冷暖房の利用効率が上がり、健康に良いだけではない
マンションの長寿命化にも役立つ外断熱改修(上)より続く
前号の本欄で多摩ニュータウンのビスタセーレ向陽台団地が、約15年かけて一歩ずつ管理組合の合意形成を積み重ね、コロナ禍の中で外壁・屋上等の外断熱改修を実施した事例を紹介した。外断熱改修は実施例が少ないこともあり、管理組合や区分所有者向けの情報が乏しい。そもそも内断熱と外断熱の違いも理解されているとはいいがたい。外気の暑さ寒さの影響が少ないため冷暖房の使用を抑え、二酸化炭素(CO2)の排出量削減に寄与するだけでなく、コンクリート躯体の劣化を防ぐことで、マンションの長寿命化にも役立つ外断熱の概要、効果と課題等を紹介する。
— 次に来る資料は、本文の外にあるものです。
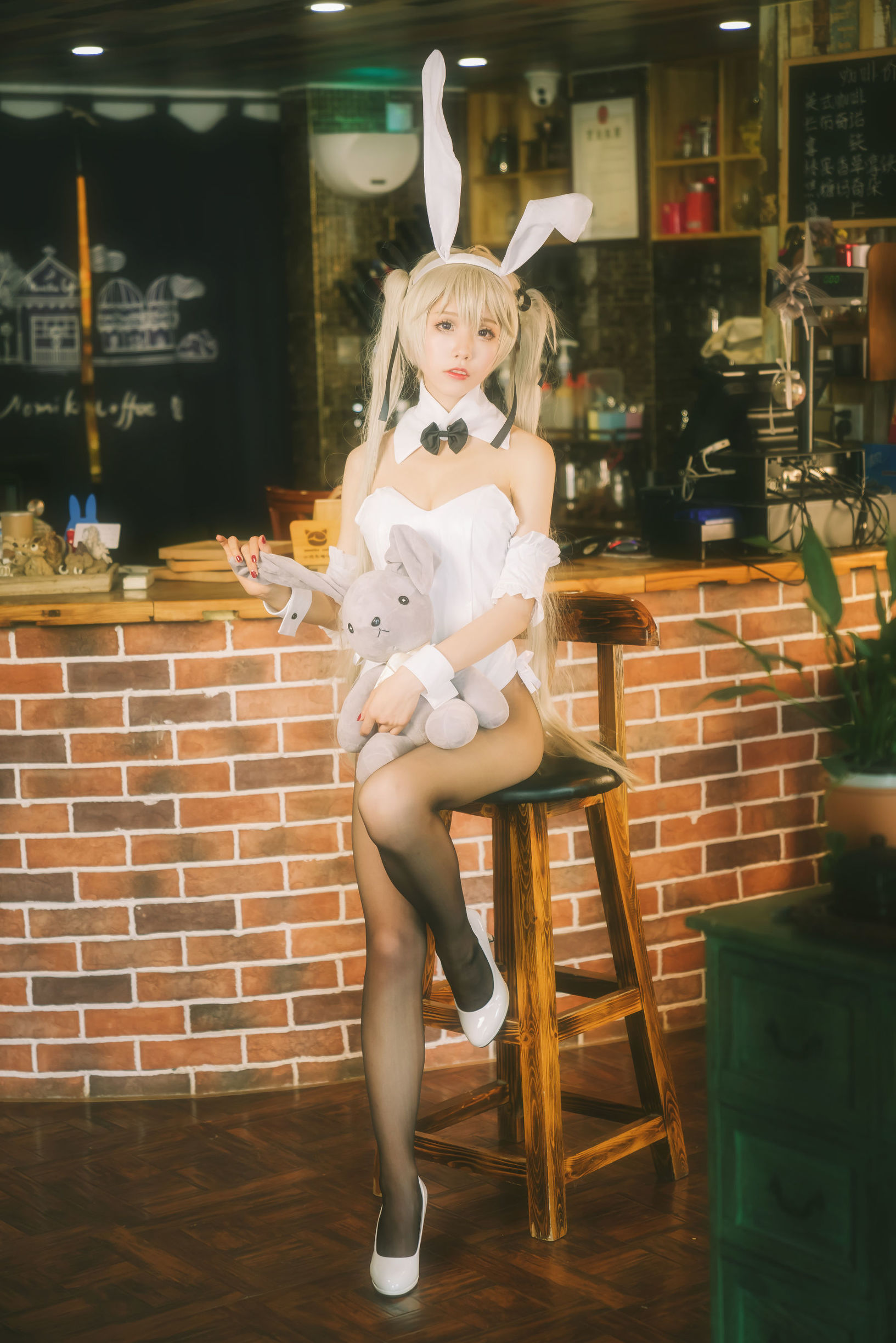 Cosplay寫真] 動漫博主水淼aqua - 穹妹兔女郎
現在では高経年マンションの選択肢として、建替えの他に改修による長寿命化も積極的に推奨されているが、10年ほど前までは築30年を過ぎれば老朽化しているとみなされ、管理組合に建て替えの検討を勧める傾向があった。
外断熱が普及すれば、コンクリートの劣化の原因となる外気温の変化による膨張・収縮が抑制されるため、早期に建替えを勧める根拠がなくなり、マンションの長寿命化に寄与する。
外断熱のマンションが普及しない理由の一つとして、修繕工事が難しいと考えられていることがある。マンションの大規模修繕について豊富な経験を持つ建装工業が、「マンションライフの未来を考える」で外断熱マンションの大規模修繕工事の記録を公表している。それによると内断熱のマンションの場合は、工事に先立って外壁のタイルを打診し、反響音の違いでタイルがコンクリートの躯体から浮き、空気層のある部分を特定する。下地に密着せずに浮いているタイルの裏側には空気があるため、ここで打診音が反響し、浮いている箇所を判断することができる。しかし、外断熱マンションでは、空気を含んだ断熱材の上にタイルが張られているため、全ての場所で打診音が反響してしまい、浮き部を特定することができない。
そこで打診ではなく、タイルに付着力測定用のアタッチメントを取り付けてタイルを引っ張り剥がすことにより、タイルの付着強度を確認した。タイルの付着強度が基準に満たない箇所が確認されると、落下する危険性が高いと思われる部分については、全てのタイルを張り替えたという。
足場の設置についても内断熱マンションの場合は、足場の倒壊防止のために、建物外壁にアンカーを打ち込み「壁つなぎ」をするのが一般的だが、外断熱マンションではコンクリート躯体の外側に断熱材があるため、断熱材を貫通させてコンクリート躯体にアンカーを打ち込むことになる。外断熱材が欠損し、断熱性能を損なうため、アンカー撤去後に外断熱材を補填した上で、外壁仕上げを補修したという。外断熱マンションが少ないため、大規模修繕の施工例も少なく、工事を手がけることができる施工会社も少ない。施工会社が外断熱に対応する修繕技術を習得することも、普及に向けて大きな課題である。
2050年カーボンニュートラル達成にも寄与
マンションの長寿命化を推進するためには、建物管理の基本である長期修繕計画についての見直しも必要である。2008年の国土交通省が策定した長期修繕計画ガイドライン等の考え方は建物の共用部分を新築当初に近い状態に戻すことを主な内容とするための25~30年の修繕計画である。計画期間を超えた時期に大がかりな工事を想定していても、計画に反映されない。また、建物・設備等のハード面の計画であるため、管理組合運営等のソフト面での中長期的な課題の整理や、課題解決のための取組みは含まれていない。現在のように高齢化の急速な進行や喫緊の課題である地球温暖化対策といった、社会経済環境の変化に対応する内容は計画に反映させにくい。
こうした長期修繕計画を補完するものとしてマンション管理センターが長期マネジメント計画という考え方を公表。マンションのハード面だけでなく、区分所有者の高齢化等も視野に入れてマンションの将来を総合的に考えるための枠組みを提示している。
菅義偉首相が就任後初の施政方針演説で「2050年までに、温室効果ガスの排出を全体としてゼロにする、すなわち2050年にカーボンニュートラル、脱炭素社会の実現を目指す」と宣言した。年限を明確に示してゼロにするとしたことは内外の評価が高い。しかし、これまで明確な削減目標の提示を躊躇してきたように、温室効果ガスの排出をゼロにすることは簡単ではない。とりわけ家庭部門は産業部門に比べCO²削減が難しい。外断熱マンションの新規供給や外断熱改修を、2050年カーボンニュートラル実現の具体的方策として検討する必要がある。
※本稿の作成にあたりNPO法人日本外断熱協会のご協力を得ました。